The cold weather and snow at the beginning of the week offered good fishing under cloud cover for those willing to go out. Overnight it dropped well below freezing and the ponds now have a solid cover of ice in the more shaded areas. Towards the end of the week the weather warmed up and it became very pleasant. The snow melted a little in the sun, softening the earth and produced results reminiscent of mud season. But as the sun drops in the afternoon the cold air freezes the mud fairly quickly again. The fish are generally sitting lower now. The midges are coming off in the sun for a time exciting the fish to take them. In the last few warm days we have had quite a number of visitors in town and despite the cold they have reported generally good fishing. For the next week the forecast is generally for freezing overnight temperatures with warming days into the 40's. The clear skies will promise cold mornings and quiet fishing until the sun hits the water.

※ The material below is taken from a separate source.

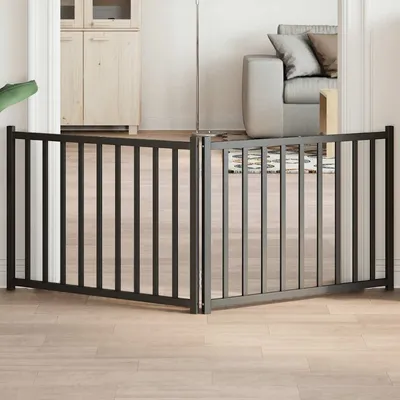 vidaXL barrière pour chien Sapin de Chine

It is less than a week to the start of the official ski opening, but this weekend, Aspen mountain was open for the first skiing of the year. With 15" of snow in the last week, the base promises excellent skiing early in the season.

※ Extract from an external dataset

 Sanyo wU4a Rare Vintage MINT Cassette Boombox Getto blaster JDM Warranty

This coming week will bring Thanksgiving. We trust that you are able to gather with your families and that your travel is safe and well.
Current Flow: below the Dam - 84cfs. (if you want more uptodate figures check out current readings on our "Links" page)
The cold snowy weather in the beginning of the week brought some good fishing for those willing to brave the cold. The fish mostly responded to baetis nymphs and midge patterns as the dry fly activity was not as strong as it has been. The best flies were small baetis nymph patterns such as pheasant tails as well as midge patterns such as the chironocone. When there was some dry fly activity they took small olive baetis patterns and in the sun some midge patterns. The clear skies in the coming week will ensure very cold temperatures overnight giving no reason to get onto the water until the sun has had a chance to warm things a little. In the narrower parts of the valley it will get cold and things will slow down as soon as the sun goes behind the peaks. So be prepared to move about to get to where the sun is still on the water.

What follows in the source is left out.